Airport serving Ilorin, Nigeria

General Tunde Idiagbon International Airport , also known as Ilorin Airport, is an airport serving Ilorin, the capital city of Kwara State in Nigeria. The Airport is owned and operated by Federal Airports Authority of Nigeria (FAAN) and is located about 1.8 km from downtown Ilorin. The airport has one runway, which is 3,100 m long and 60 m wide, with an approach of 121.2MHz.

==History==
Ilorin International Airport serves as a secondary airport to Lagos Airport and is situated approximately an hour's drive from Lokoja, the Kogi State capital. Recently, the terminal building of Ilorin International Airport has gone through renovations to accommodate up to 500 passengers at once. The commissioning of the airport was done by President Olusegun Obasanjo, who also laid the foundation of the airport's cargo shed projected to be completed in March 2007.

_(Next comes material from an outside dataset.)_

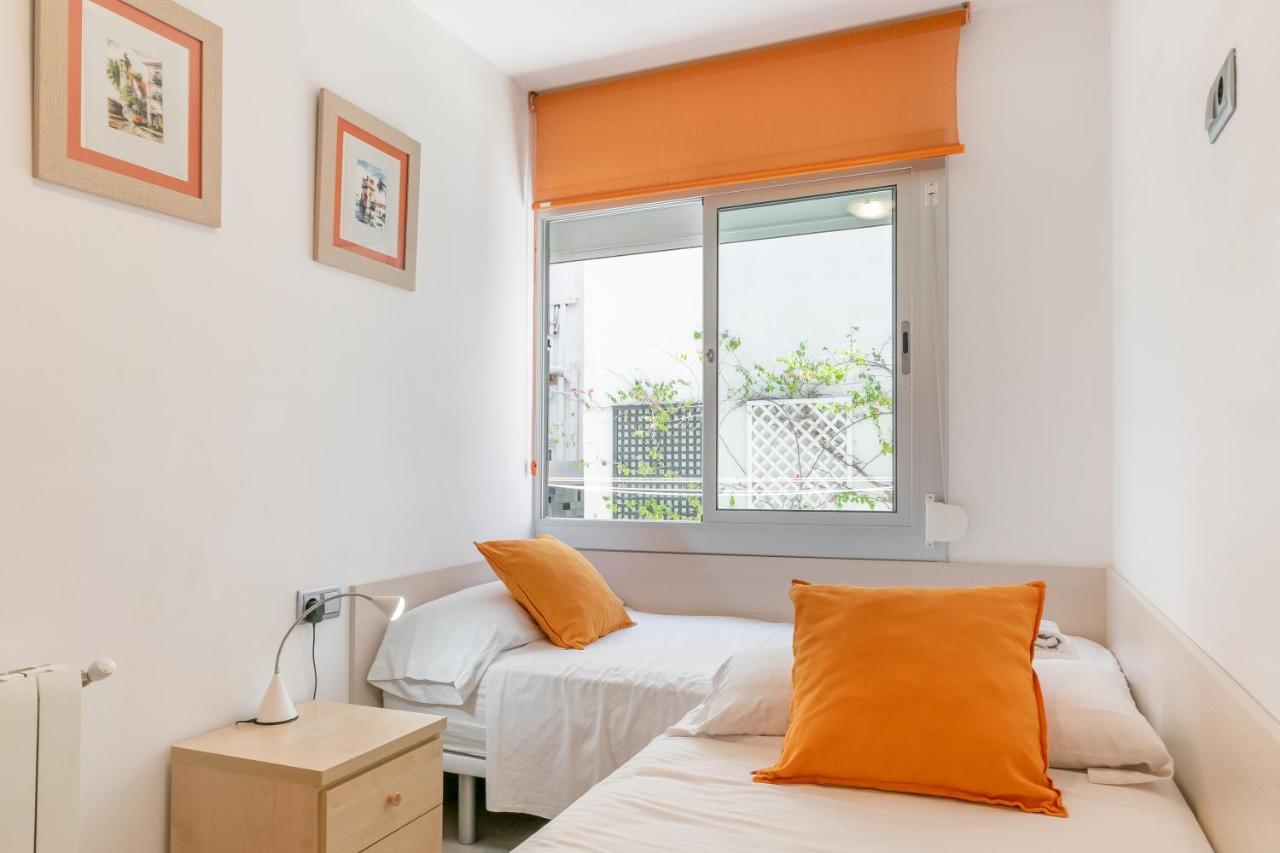 Fragata Sitges Rentals Екстер'єр фото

The airport was initially commissioned on 16 February 1978, and is located in the Fili area of Ilorin, around 9 km southwest of Ilorin town. but it was upgraded to international status in 2012. Ilorin International Airport is the main airport serving Ilorin, the capital of Kwara State, Nigeria.

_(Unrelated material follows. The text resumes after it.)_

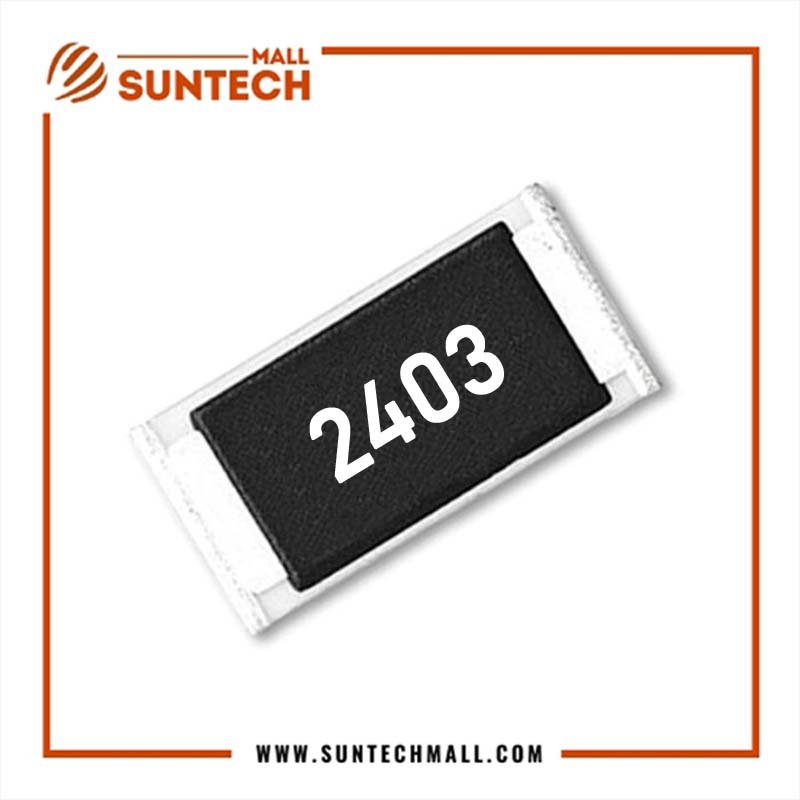 240K Ohm 0.25W 1206 1% SMD Resistor 1 240K Ohm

The most popular airlines that fly to Ilorin International Airport are Air Peace, Overland, and Green Africa. The most popular destinations from Ilorin International Airport are Abuja and Lagos. The airport is served by two airlines, Air Peace and Azman Air. They operate flights to Lagos, Abuja, and Port Harcourt.The airport is undergoing a number of improvements, including the construction of a new terminal building and the expansion of the runway. These improvements are expected to make the airport more efficient and able to handle more passengers, this is an increase of over 20% from the previous year.

==Airlines and destinations==

| Airlines | Destinations |
|---|---|
| Air Peace | Abuja, Lagos |
| Green Africa Airways | Abuja, Lagos |
| Overland Airways | Abuja, Lagos |

==Accidents and incidents==

- On 29 April 1992, a Boeing 707-351C of GAS Air Nigeria, registration 9G-RBO, made an inadvertent belly landing on a test flight. There were no fatalities but the aircraft was written off.
- In May 2019, a Diamond DA42 Twin Star light aircraft, registration number 5N-BNH, belly landed on the runway at Ilorin. The two occupants were unharmed.